Oracle-L: RE: Statistical sampling and representative stats collection

From: DENNIS WILLIAMS <DWILLIAMS_at_LIFETOUCH.COM>
Date: Wed, 22 May 2002 07:23:29 -0800
Message-ID: <F001.00467A1A.20020522072329@fatcity.com>

Jack, Raj

I agree. The main point I feel is that if you follow statistics theory, which a good part of our modern technology relies on, you will test a fixed number of samples, rather than a percentage of the table rows.

For a small table, you may have to sample the entire table to get results that work. As a real-life example, you wouldn't sample 10 US Senators and expect those results to be accurate. No, you would simply survey each Senator (and hope they don't change their mind). Similarly, don't just sample 30 percent of a 1,000-row table. Sample all 1,000 rows.

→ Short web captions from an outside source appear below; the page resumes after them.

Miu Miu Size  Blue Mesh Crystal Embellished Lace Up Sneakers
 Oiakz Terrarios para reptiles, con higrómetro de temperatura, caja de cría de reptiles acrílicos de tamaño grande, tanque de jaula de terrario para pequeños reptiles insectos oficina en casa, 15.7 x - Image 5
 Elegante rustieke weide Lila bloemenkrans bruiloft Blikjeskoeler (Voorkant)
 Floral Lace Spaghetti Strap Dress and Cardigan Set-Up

For a large table, sampling a percentage would oversample and be a wasted effort. If you have a million-row table and a hundred-million-row table, the same sample size will produce results nearly as accurate for both. That is why you don't see nearly as many state political polls. It is nearly as much expense to accurately sample the citizens in a state as it is to sample all the citizens in the US

Someone asked about skewed data. Well, that is the reason you perform a RANDOM sample. That is the key point, and what produces many real-life statistical failures. A classic example is the Truman-Dewey presidential race in 1948. The pioneer pollsters used random samples of phone numbers and confidently predicted Dewey's victory. What they neglected was that wealthier people had telephones in greater proportion than poor people. So their sample was skewed, which produced bad results. Here, we're betting on Oracle's statement that the sample is truly random.

Now, if you want a more accurate result, you will sample more. But you aren't increasing the sample size because the table is larger, but to increase the accuracy. And to compensate for any other inaccuracies.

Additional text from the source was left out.